All throughout Ready Room 8, Compartment 2-242-0-L aboard the USS Constellation, a warship then at sea in execution of national tasking in the Indian Ocean, junior officers lowered their faces thoughtfully into month-old magazines, staring with a fixed and terrible intensity on single words or even punctuation marks in the text while their associated ears nearly herniated themselves in straining to capture every rapturous moment of the tide about to burst upon the person of Lazlo, poor unfortunate Lazlo.

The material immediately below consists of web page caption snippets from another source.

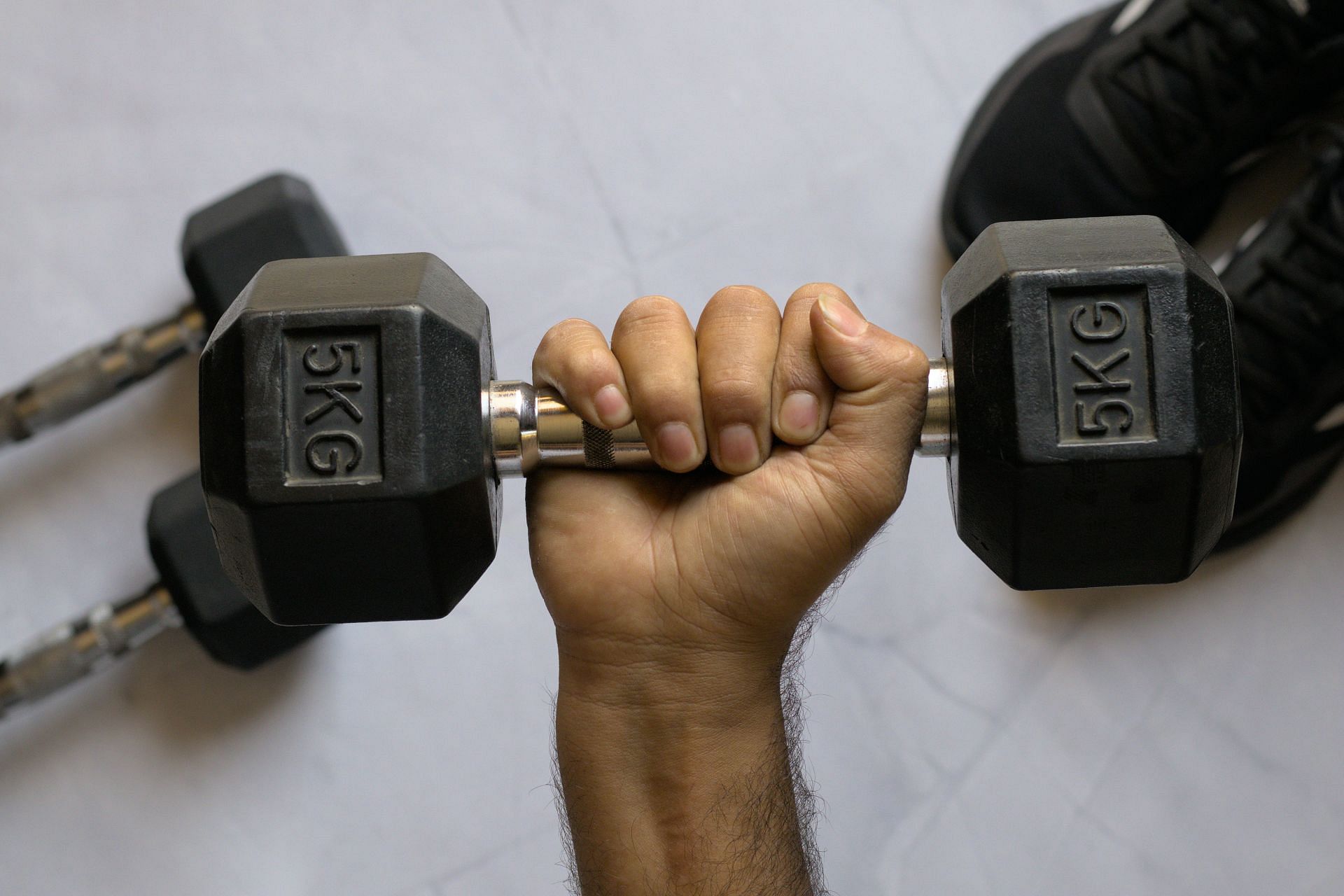Strengthen your wrists using wrist weights (Image via unsplash/VD Photography)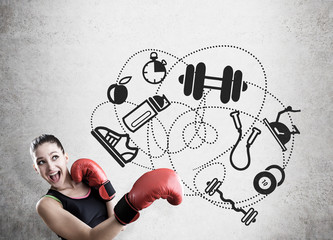 Woman boxer and sport icons on concrete wall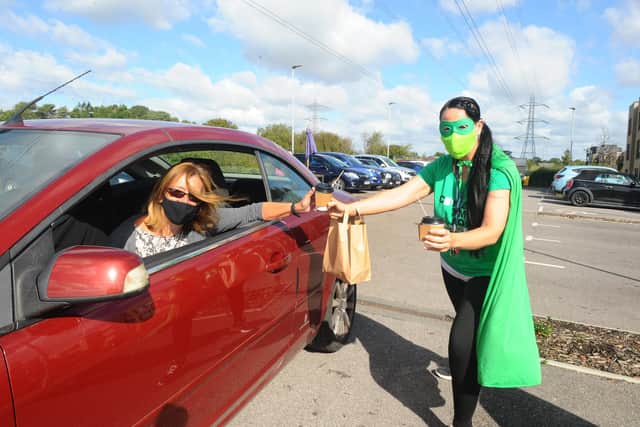 Staff at Wellington Vale Care Home in Waterlooville, dressed up as superheroes and served cake and coffee in a drive thru coffee morning for Macmillan Cancer Research on Friday, September 25.
Pictured is: Jackie Moore from Denmead with Breda O'Doherty, activities manager at Wellington Vale.
Picture: Sarah Standing (250920-4548)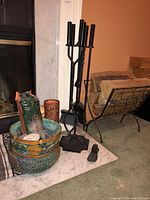 Fireplace tool set with stand alongside a woven basket containing matches and firestarter items, placed on hearth in front of fireplace.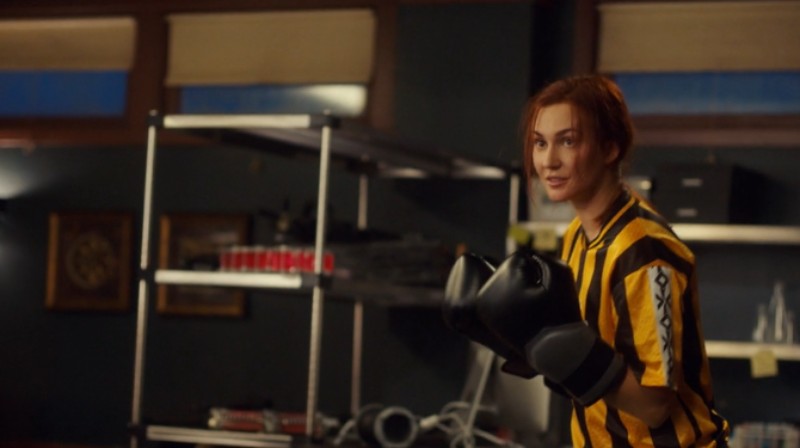 Nicole looks exhausted but holds her boxing gloves up ready for whatever Wynonna is going to throw next.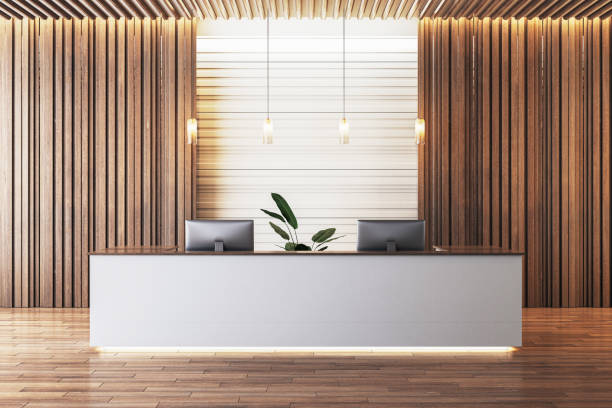 istock Modern reception desk with wood paneling and pendant lights in a corporate office space. 3D Rendering 2196039348
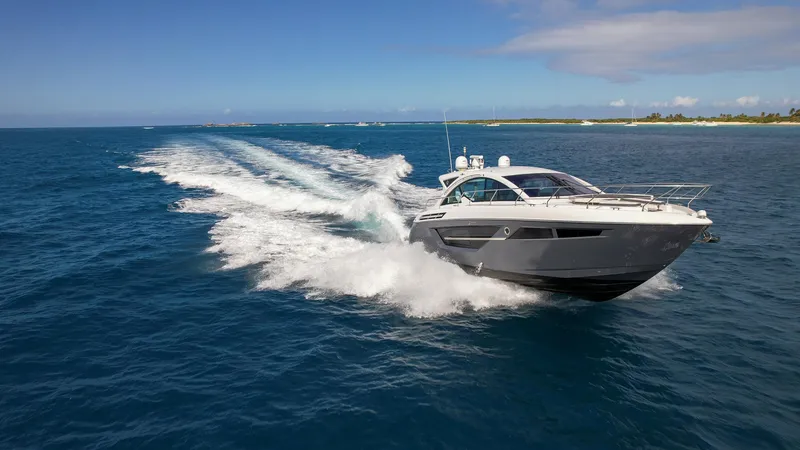 Slide: The Image of 2019 Cruisers Yachts 50 Cantius speeding on open water. - 9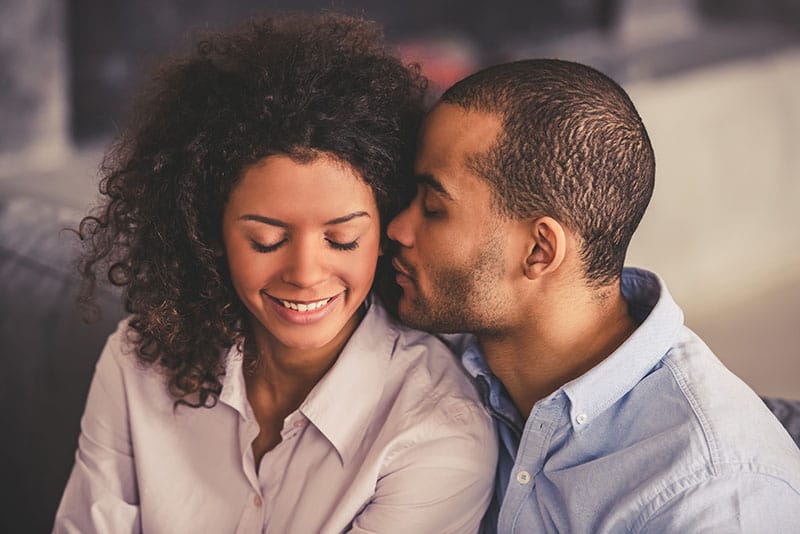 Bella giovane coppia afroamericana si abbraccia e sorride mentre è seduta insieme sul divano di casa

Having caught some whiff of the reason for Lazlo’s unexcused absence from the ship, the CO’s towering rage, which had already been approvingly described as “pretty darned epic” in scale, somehow astonishingly re-doubled itself. The effect took place to such an alarming degree that those who cared for him grew concerned for his well-being, not to mention his state of mind and he was just getting up a good head of steam as he got to the phone, ripping it from the duty officer’s hand and quickly asking of Lazlo whether, in his studied professional opinion, it was really true that the naval service was little more than a transportation system for his wedding tackle? Because that was the way it might appear to the disinterested observer.

Without pausing for reply, the CO then offered Lazlo fairly detailed sartorial advice in preparation for a face-to-face meeting right there in the ready room, just as soon as he could change out of that ridiculous costume the entire ship had seen him wearing, disgrace that he was to his squadron in particular and the service in general. During this meeting it was plausibly forecast to Laz that the CO might frabbing kill him, cork-sticking gasper that he was, even going so far as to offer detailed anatomical descriptions of how the deed might be accomplished, complete with promises of sterner measures which would immediately follow.

All of this was put on hold however, as the squawk box beside the duty officer crackled to life with the stern salutation of, “Ready 8, Bridge!”

“Ready 8 aye!” responded the duty officer, just as he’d been taught, and with perhaps a somewhat greater mindfulness of his duty than usual given the current atmosphere in the ready room. In doing so he manfully forbore from the normally overwhelming temptation to make hilarious squawk box responses such as belches and even worse than belches in reply gentle reader, disgusting as they were and having only the slenderest thread of plausible deniability to go along with them. This would all have been in the time honored aviation tradition of biffing the blackshoe professional surface warfare officer, which although it was a simple sport, not unlike clubbing baby seals, was yet considered worth the effort, if only for the practice that was in it.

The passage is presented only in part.